What’s going on with the El Niño?

On Sept. 15, the National Hurricane Center announced that an extremely rare El Niño event has developed in the tropical Pacific Ocean. Using detailed models, models predict that a freakishly active hurricane season is…

What’s going on with the El Niño?

On Sept. 15, the National Hurricane Center announced that an extremely rare El Niño event has developed in the tropical Pacific Ocean. Using detailed models, models predict that a freakishly active hurricane season is on the way, with the Atlantic already seeing several rare storms forming during November. These models project a near record strength season, with near-normal frequency of tropical storms.

The Atlantic Hurricane Season is scheduled to end on Nov. 30. If the 2016 Atlantic season were to repeat this year, we would see a record storm total of ~35 named storms, with a maximum intensity of ~17 tropical storms. That would push this year’s storm totals close to the average of ~21 storms/hurricanes for the 1981-2010 average.

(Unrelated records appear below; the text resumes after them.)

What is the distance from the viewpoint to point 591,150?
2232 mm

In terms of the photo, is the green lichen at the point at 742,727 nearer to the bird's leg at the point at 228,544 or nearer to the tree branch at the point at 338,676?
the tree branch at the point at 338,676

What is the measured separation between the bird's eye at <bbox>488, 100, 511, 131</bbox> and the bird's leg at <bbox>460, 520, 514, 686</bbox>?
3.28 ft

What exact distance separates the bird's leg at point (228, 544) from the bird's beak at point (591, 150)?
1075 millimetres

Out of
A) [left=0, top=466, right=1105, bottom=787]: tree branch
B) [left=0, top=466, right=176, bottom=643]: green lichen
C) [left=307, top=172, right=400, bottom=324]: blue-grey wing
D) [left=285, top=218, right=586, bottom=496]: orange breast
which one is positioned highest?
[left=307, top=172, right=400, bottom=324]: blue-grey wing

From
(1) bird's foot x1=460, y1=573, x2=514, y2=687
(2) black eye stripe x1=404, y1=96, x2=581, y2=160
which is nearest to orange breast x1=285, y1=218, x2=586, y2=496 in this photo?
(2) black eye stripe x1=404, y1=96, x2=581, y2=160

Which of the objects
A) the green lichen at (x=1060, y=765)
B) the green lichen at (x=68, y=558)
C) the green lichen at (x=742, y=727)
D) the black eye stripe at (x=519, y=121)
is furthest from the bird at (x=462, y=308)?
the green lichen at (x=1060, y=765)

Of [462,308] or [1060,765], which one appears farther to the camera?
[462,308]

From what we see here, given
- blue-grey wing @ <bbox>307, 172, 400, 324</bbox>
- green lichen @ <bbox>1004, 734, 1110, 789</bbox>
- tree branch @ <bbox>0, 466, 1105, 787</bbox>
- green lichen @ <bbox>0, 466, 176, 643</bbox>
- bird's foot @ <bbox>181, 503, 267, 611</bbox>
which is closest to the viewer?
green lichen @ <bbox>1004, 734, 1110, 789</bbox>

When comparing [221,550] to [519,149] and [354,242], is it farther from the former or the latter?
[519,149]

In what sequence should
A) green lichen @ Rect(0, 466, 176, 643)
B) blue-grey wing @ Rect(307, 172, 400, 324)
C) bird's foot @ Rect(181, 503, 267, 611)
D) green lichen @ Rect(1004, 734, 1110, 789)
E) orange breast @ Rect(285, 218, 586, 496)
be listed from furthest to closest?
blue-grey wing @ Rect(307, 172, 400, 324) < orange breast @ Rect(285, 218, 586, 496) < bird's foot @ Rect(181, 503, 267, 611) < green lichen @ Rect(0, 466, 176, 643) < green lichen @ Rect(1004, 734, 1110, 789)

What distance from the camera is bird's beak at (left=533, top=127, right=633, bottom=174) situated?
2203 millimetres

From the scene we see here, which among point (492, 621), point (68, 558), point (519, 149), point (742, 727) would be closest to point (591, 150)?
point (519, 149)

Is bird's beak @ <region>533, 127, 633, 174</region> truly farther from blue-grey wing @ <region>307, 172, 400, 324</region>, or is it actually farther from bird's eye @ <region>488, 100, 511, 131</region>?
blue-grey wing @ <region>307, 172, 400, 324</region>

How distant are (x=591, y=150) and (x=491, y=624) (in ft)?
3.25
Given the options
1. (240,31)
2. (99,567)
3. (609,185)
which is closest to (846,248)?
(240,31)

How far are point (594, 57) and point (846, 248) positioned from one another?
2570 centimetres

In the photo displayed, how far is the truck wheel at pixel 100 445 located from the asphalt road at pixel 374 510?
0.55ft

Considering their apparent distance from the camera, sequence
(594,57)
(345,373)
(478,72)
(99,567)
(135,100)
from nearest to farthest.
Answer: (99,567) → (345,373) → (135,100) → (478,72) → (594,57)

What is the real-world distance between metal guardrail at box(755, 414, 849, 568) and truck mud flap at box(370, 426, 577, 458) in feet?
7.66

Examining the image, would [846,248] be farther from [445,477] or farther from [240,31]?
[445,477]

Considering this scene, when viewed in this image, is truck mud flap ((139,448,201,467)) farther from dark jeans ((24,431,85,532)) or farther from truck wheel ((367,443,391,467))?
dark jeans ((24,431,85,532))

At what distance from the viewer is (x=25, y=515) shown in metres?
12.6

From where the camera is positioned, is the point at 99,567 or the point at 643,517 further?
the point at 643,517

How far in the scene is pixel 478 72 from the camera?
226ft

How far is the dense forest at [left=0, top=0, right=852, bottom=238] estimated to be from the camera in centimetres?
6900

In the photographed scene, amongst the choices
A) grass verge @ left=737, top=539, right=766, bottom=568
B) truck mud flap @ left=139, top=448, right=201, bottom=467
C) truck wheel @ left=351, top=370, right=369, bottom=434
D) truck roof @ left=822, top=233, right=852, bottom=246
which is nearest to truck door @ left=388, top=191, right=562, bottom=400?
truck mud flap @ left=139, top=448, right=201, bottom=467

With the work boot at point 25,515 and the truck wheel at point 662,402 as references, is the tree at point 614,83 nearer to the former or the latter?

An El Niño event develops during the autumn, bringing increased ocean temperatures to the tropical Pacific. The cool water in the tropical Pacific combined with abundant precipitation can start cycles of storms. Generally, a record or near-record hurricane season can follow an El Niño event. Most recently, the 2002 season was the ninth-busiest on record.

Predictions for season strength are based on current models. However, the actual intensity of each season will be impacted by many factors, such as the state of the underlying El Niño or La Niña conditions and other factors beyond the control of any individual system.

In the event that the 2016 Atlantic Hurricane Season repeats this year, the season total would be 33 named storms, with 8 hurricanes and 2 major hurricanes.